Probably because Edward’s financial circumstances made close budgeting essential, as well as because he possessed a meticulous temperament, he commissioned custom-printed account books. In these, he recorded every detail of expenditure on behalf of each member of the ever-expanding Tribe. Ethel, his first child, arrived in 1879; Lewis, the eldest son – named for Leyson Lewis, the family benefactor who provided Edward with his vital allowance – in the following year; my grandfather Basil in 1881. Thereafter babies, all born at home, followed in a profusion that must have gladdened the heart of the family priest. Like Dickens’s much-put-upon clerk, ‘the Cherub’ Reginald Wilfer of Our Mutual Friend, Edward had a ‘limited income and an unlimited family’. The account books eventually contained separate pages for:

Hastings Mrs E

Hastings Ethelreda Agatha Gordon

Hastings Lewis Macdonald

Hastings Basil Macdonald

Hastings Gladys Mary Fraser

Hastings Beryl

Angela Macdonald

Hastings Claude Hugh

Hastings Aubrey Joseph

Hastings Everard Ignatius

Hastings Eulalia Emily Macdonald

Hastings Muriel Magdalen

Hastings Rene Francis

In 1890 the family’s annual income was £416, of which household costs consumed £200, rent a further £70, an annual holiday £17.11s.3d.
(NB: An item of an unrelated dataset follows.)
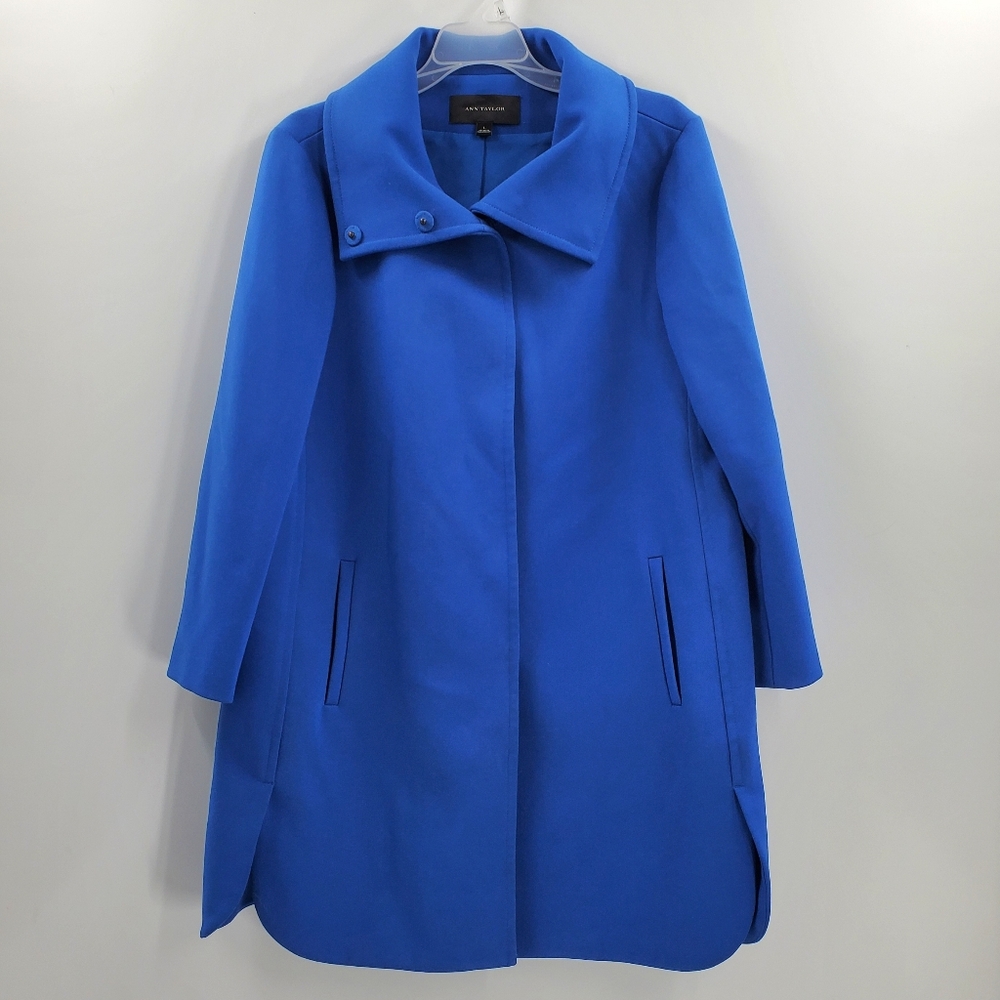 Women's Ann Taylor Blue Collared Coat Size Large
Edward recorded expenditure upon himself of £6.2s.0d on clothes; 2s on hair cutting; £11.0s.6d on lunches; £3.12s.0d on travel. In 1901, the last year for which the account books survive, his salary was just £312.10s.6d, the family’s expenditure £319.17s.5d. This included seventeen tons of coal at £22.10s.6d; lunches at £6.2s.6d; £10 on a holiday; £6.2s.0d for clothing; one penny for a diary; half a crown for postage; £20 for Elizabeth; £3 or £4 apiece on the children, including 3s.5d for dress-lining for Beryl, and 2s.4d for Claude’s sand shoes. There were also assorted halfpennies for orphanages and the destitute; a few pennies apiece to the church choir, school treats and various Catholic charities. Edward bought one suit a year, collarless to save on the expense of ties. He paid £10 in income tax.
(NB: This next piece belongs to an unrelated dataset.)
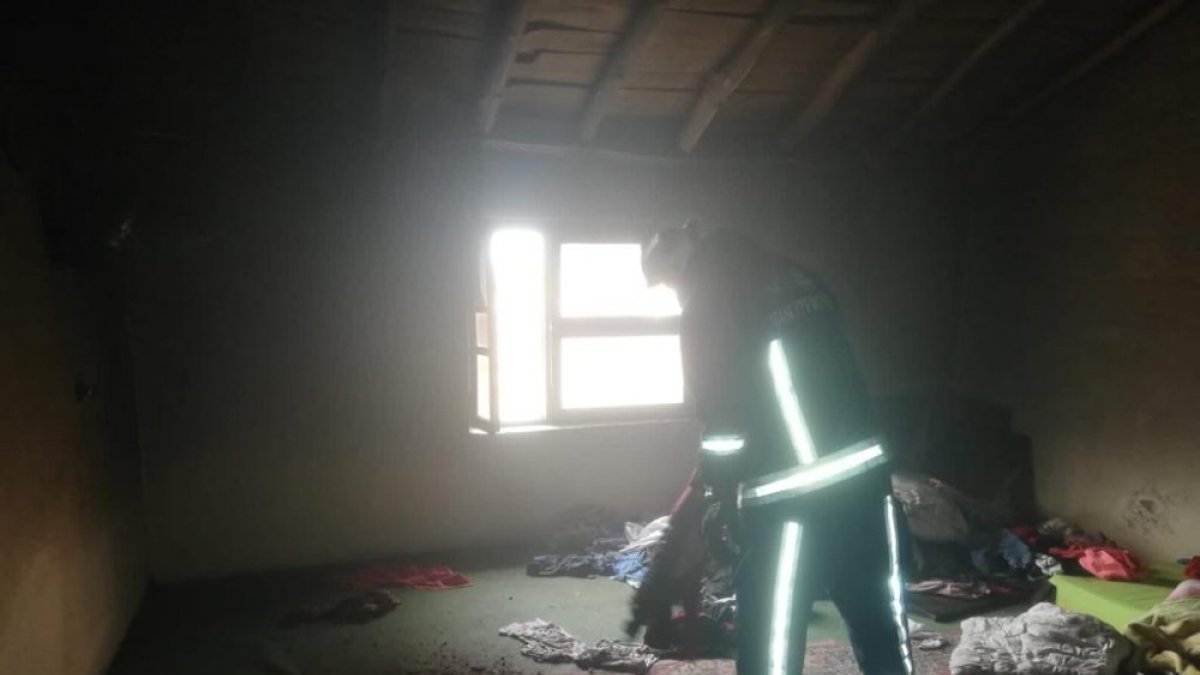 Van'da yangın: anne ve 3 çocuğu zehirlendi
He was obsessed with keeping records, a habit honed by thirty years in a solicitors’ office, and he made his children follow suit. From their earliest years, transgressions were minuted. They were required to make formal confessions or promises of future good behaviour, like this one signed by Lewis:

I Lewis Macdonald Hastings do hereby pledge myself to my father as under

1. not to buy on credit

2. not to apply again to my father for a loan

3. to repay present loan of £2.5.0 by weekly instalments of 5/

4. I represent to my father that I want the present loan to repay R. Gray for a liability they have incurred on my behalf for a suit of clothes

5. to buy myself a nightshirt.

Basil suffered similar embarrassments, which he was also obliged to confess. Edward debated his own dilemmas in writing, as in this memorandum to himself, dated 2 May 1901: ‘Question: whether having power either to send Claude and Aubrey to Stony-hurst or to Wimbledon we ought to exercise that power in favour of Stonyhurst when the consequences will be that Muriel cannot be sent to school till she is 16.’ Stonyhurst’s fees were £14.18s.5d a year, plus £2.8s.6d clothing allowance. Edward considered, and rejected, a notion that if he borrowed money, Muriel might be sent away to school at fifteen. Instead, he made minute calculations about the cost of journeys to Lancashire. He concluded that a few pence could be saved by ensuring that the boys always took the college trap from the nearby station at Whalley. It was decided that Claude and Aubrey should indeed be sent to Stonyhurst, ‘using portmanteaux bought for Basil and Lewis’.